Taking the line with "Photo 2 from" as the first, copy every line through the end of the records below exactly. Do not include pictures.

▬▬▬▬▬▬

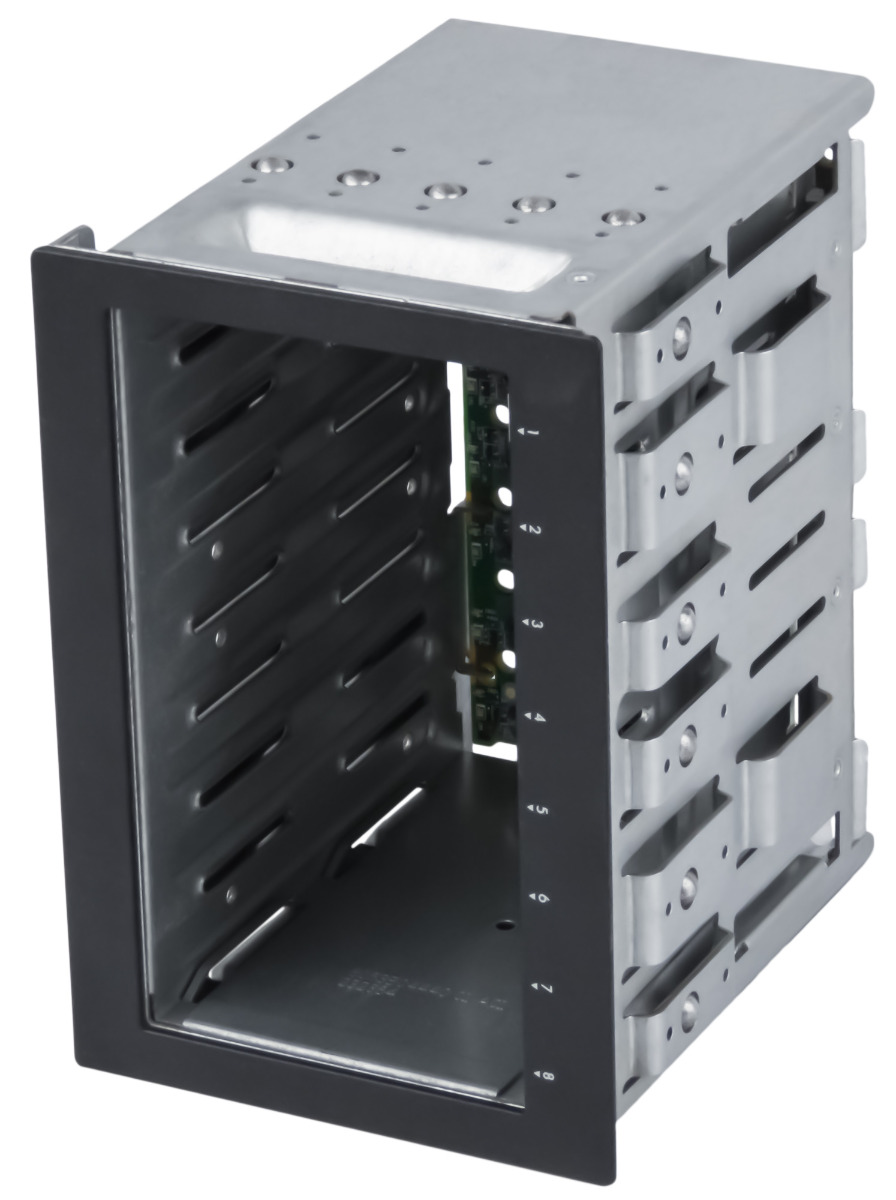 Hp 6053B03960 8x Sff Sas Cage Backplane
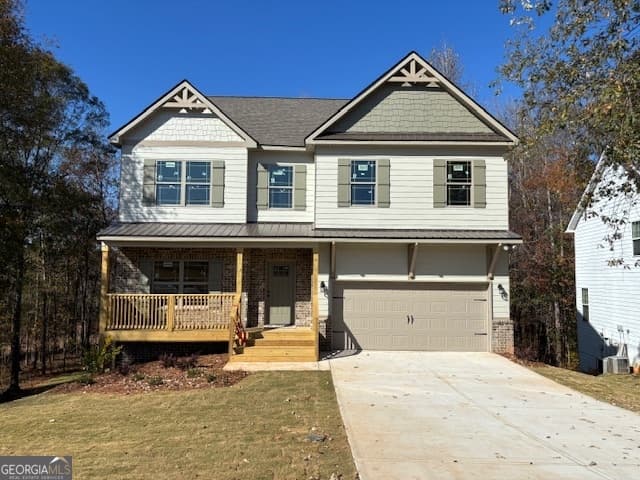 4 bedroom, 2.5 bathroom, 2,228 sq ft single family residence for sale at 221 Summit View Drive, Mcdonough, GA 30253
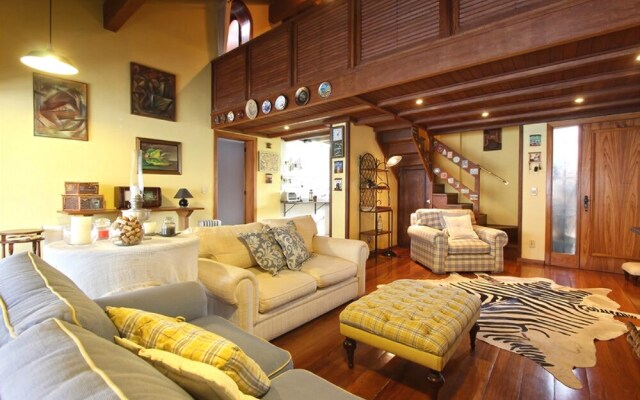 My Home - Panoramico da Montanha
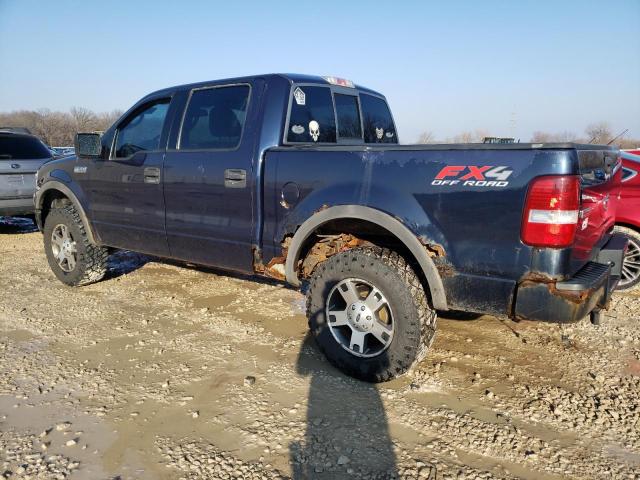 Photo 2 from auction – 2004 FORD F150 SUPER with VIN 1FTPW14514KB01048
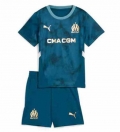 Maillot de football enfant Marseille extérieur 2024/2025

▬▬▬▬▬▬

__Completed task__
 Photo 2 from auction – 2004 FORD F150 SUPER with VIN 1FTPW14514KB01048
 Maillot de football enfant Marseille extérieur 2024/2025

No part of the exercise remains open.